Methyl tertiary (tert)-butyl ether (MTBE), an octane enhancer and a fuel oxygenate in reformulated gasoline, has received increasing public attention. MTBE was first used in gasoline as an octane enhancer, and later to reduce emissions of carbon monoxide and formation of ozone as mandated by the Clean Air Act Amendments of 1990. Because of its low cost, ease of production, and favorable transfer and blending characteristics, MTBE became the most commonly used fuel oxygenates. As MTBE use increased in the mid-1990s, the frequency and extent of contamination were quickly visible across the United States.

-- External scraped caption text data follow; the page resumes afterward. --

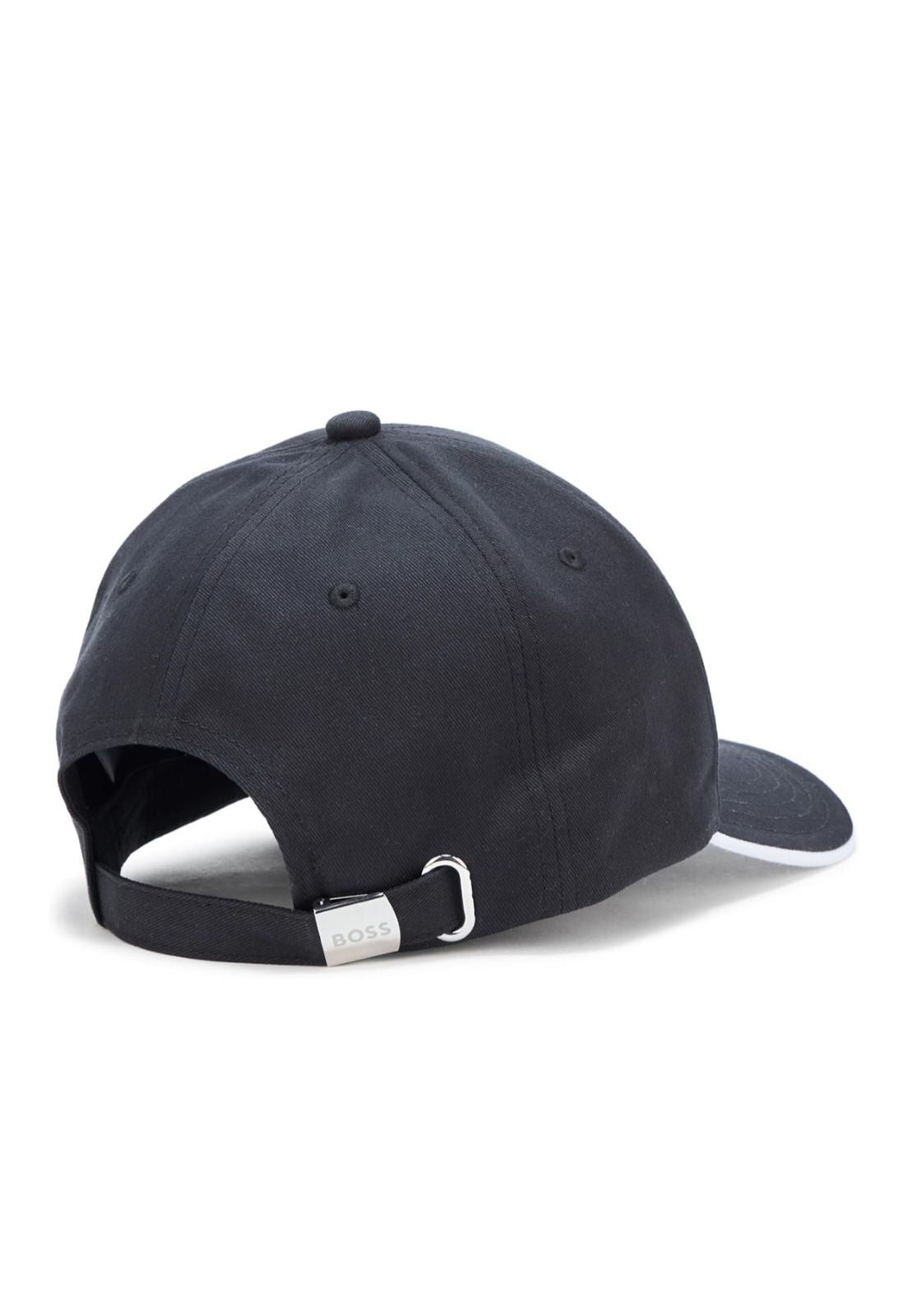 Gorra BOSS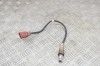 Sonda lambda VW POLO 6R, 6C 2016 OEM: 04E906262DB 15267623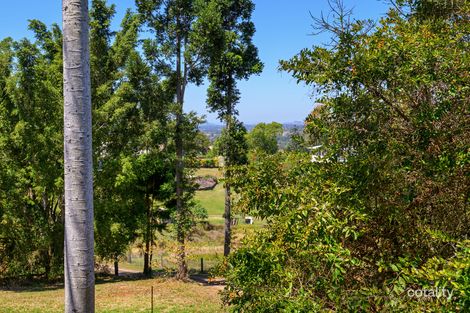 Property photo of 125 Rammutt Road Chatsworth QLD 4570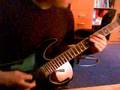 Slipknot-Vendetta-co
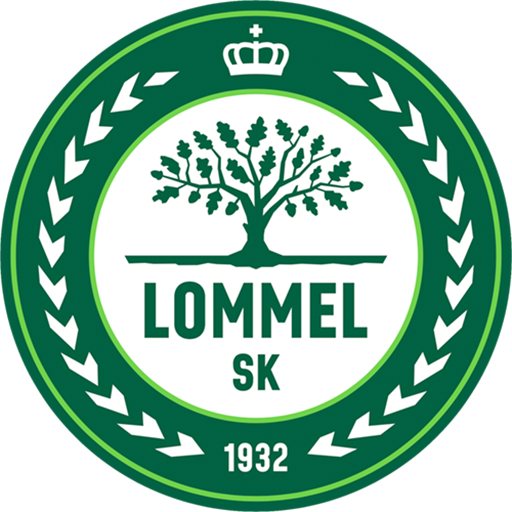 Home Logo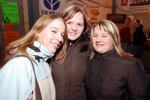 Apres Ski Party  3492888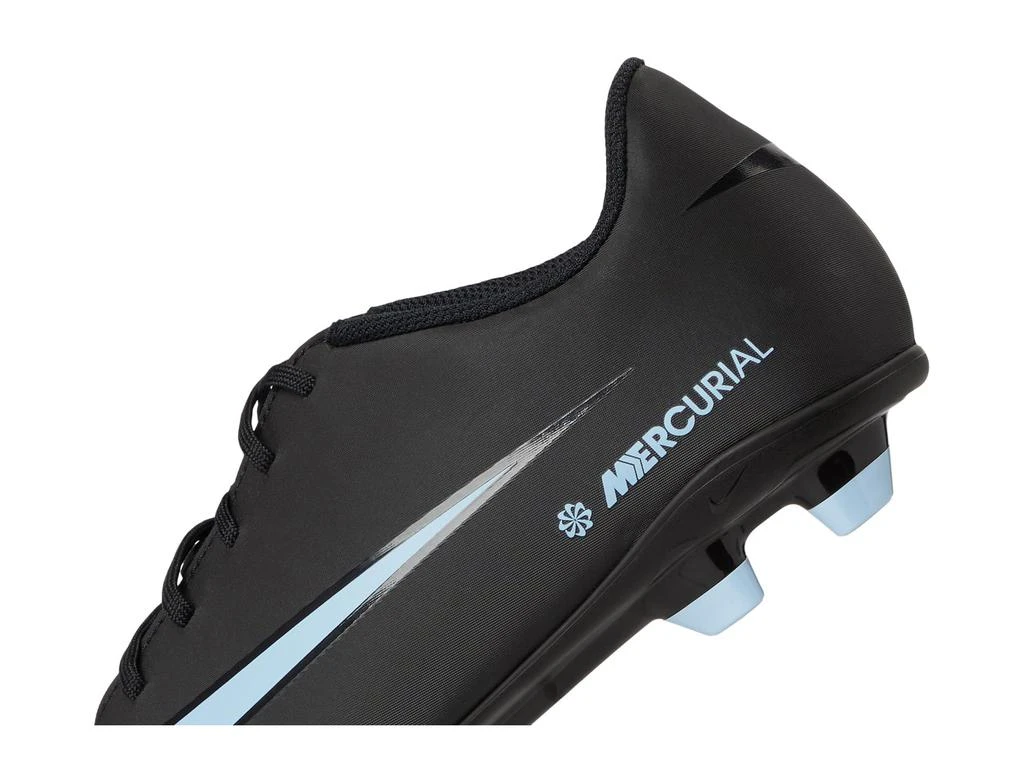 NIKE Vapor 16 Club 6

The widespread use of MTBE to reduce air pollution has instead resulted in major contamination of water resources. Once fuel oxygenates are released to the environment, their behavior is largely determined by how they partition in gasoline, air, water, and onto subsurface solids. The physical and chemical properties of MTBE make environmental contamination a challenging problem. Relative to other gasoline components, such as benzene, toluene, and other aromatic hydrocarbons, MTBE has a higher vapor pressure, and will volatilize easily from the nonaqueous phase.

Persistent UFZ Identifier
Häggblom, M.M., Youngster, L.K.G., Somsamak, P., Richnow, H.H. (2007):
Anaerobic biodegradation of methyl tert-butyl ether (MTBE) and related fuel oxygenates
In: Laskin, A.I., Sariaslani, S., Gadd, G.M. (eds.)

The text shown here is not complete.